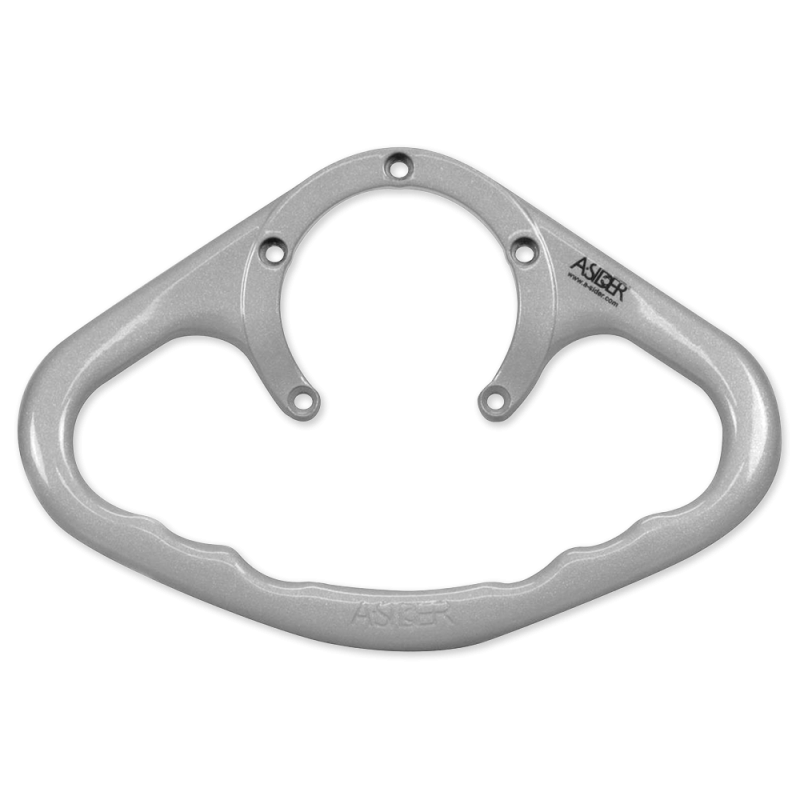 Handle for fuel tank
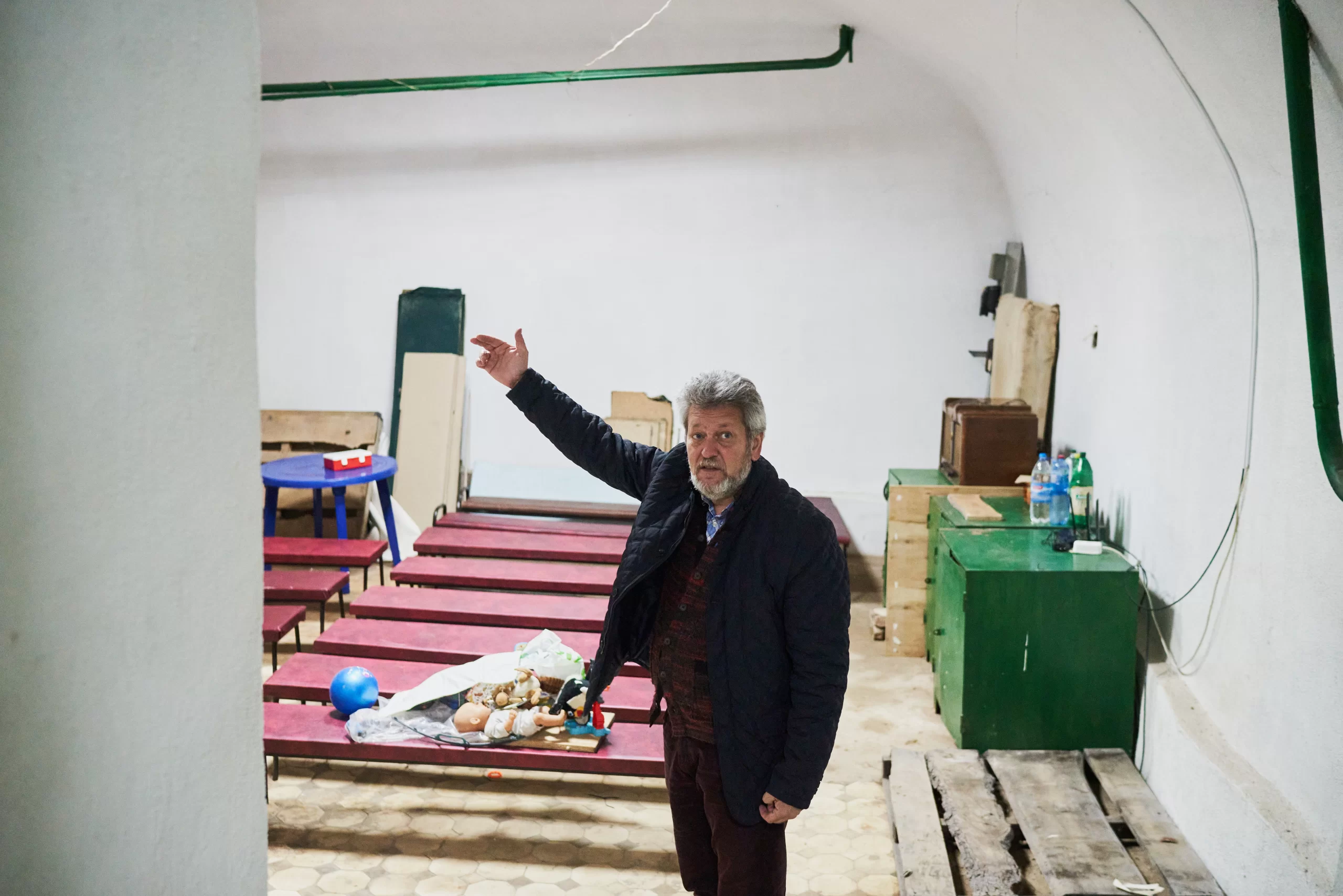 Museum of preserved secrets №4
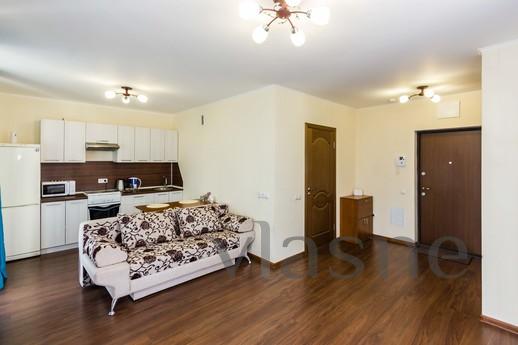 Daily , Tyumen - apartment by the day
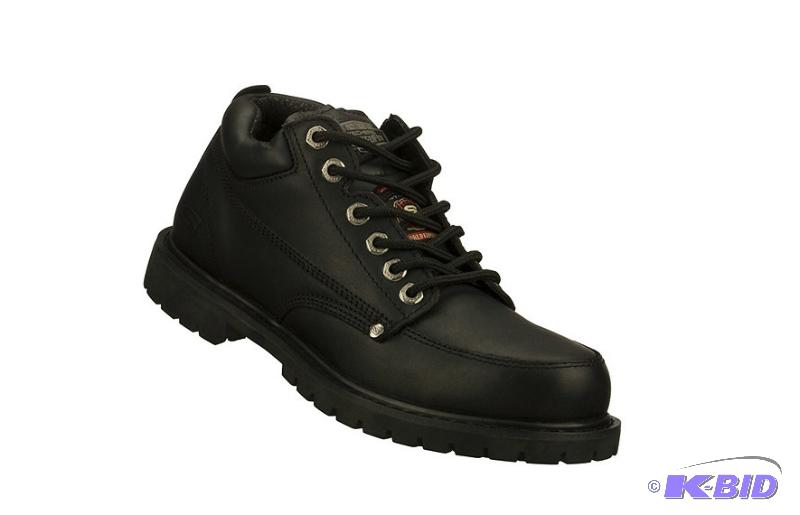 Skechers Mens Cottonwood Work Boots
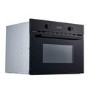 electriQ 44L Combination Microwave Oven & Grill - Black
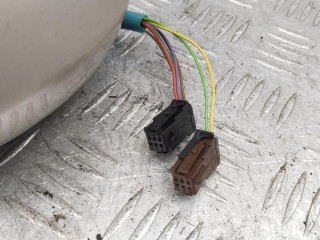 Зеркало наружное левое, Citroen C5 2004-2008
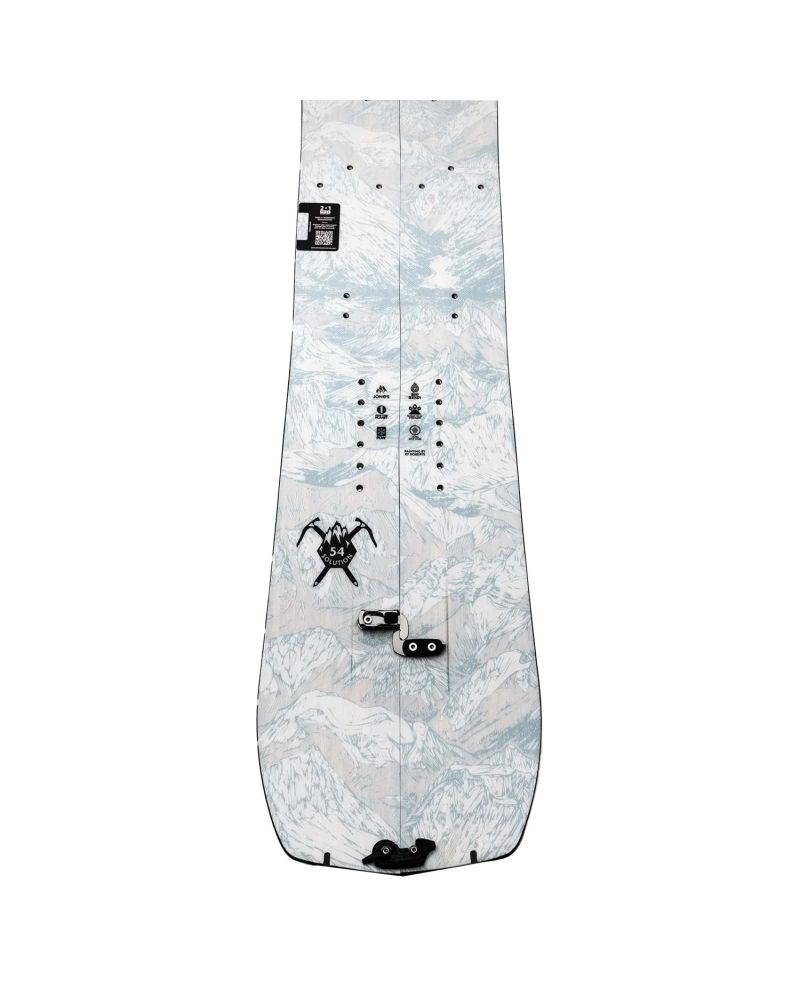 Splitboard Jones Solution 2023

• What you should do
With the pictures omitted, reproduce the data above exactly.

• Exercise answer
 Handle for fuel tank
 Museum of preserved secrets №4
 Daily , Tyumen - apartment by the day
 Skechers Mens Cottonwood Work Boots
 electriQ 44L Combination Microwave Oven & Grill - Black
 Зеркало наружное левое, Citroen C5 2004-2008
 Splitboard Jones Solution 2023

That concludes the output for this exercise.